Constitucional vai analisar arguição da PGR sobre metadados

O Tribunal Constitucional irá analisar a arguição da Procuradora-geral da República em que é defendida a nulidade da decisão daquele tribunal sobre a lei dos metadados e depois proferir uma decisão.

"O Tribunal Constitucional confirma que deu entrada uma arguição de nulidade da autoria da Procuradora-Geral da República relativa ao Acórdão n.º 268/2022 (Processo n.º 828/2019). O processo está a correr os seus termos e será proferida uma decisão", informou fonte oficial do Palácio Ratton, em resposta escrita enviada à Lusa

A procuradora-geral da República, Lucília Gago, defendeu na segunda-feira que a decisão do Tribunal Constitucional (TC) sobre a lei dos metadados é nula, por entender haver "contradição entre a fundamentação e o juízo de inconstitucionalidade".

"A procuradora-geral da República arguiu a nulidade da decisão em referência por considerar existir contradição entre a fundamentação e o juízo de inconstitucionalidade que recaiu sobre o art.º 4º da Lei n.º 32/2008 de 17 de julho, em particular no que concerne à conservação dos dados de base e IP", lê-se numa resposta da PGR enviada à Lusa.

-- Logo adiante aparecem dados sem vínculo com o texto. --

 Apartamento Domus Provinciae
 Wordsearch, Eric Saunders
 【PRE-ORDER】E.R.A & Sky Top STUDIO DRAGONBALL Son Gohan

A notícia foi avançada pelo jornal Público, que refere que Lucília Gago, representante máxima do Ministério Público, numa decisão rara, assinou uma peça processual, remetida hoje ao TC, na qual defende a nulidade da decisão deste tribunal relativa à lei dos metadados, que impõe a proibição com efeitos retroativos de recolha deste tipo de informação para investigação criminal.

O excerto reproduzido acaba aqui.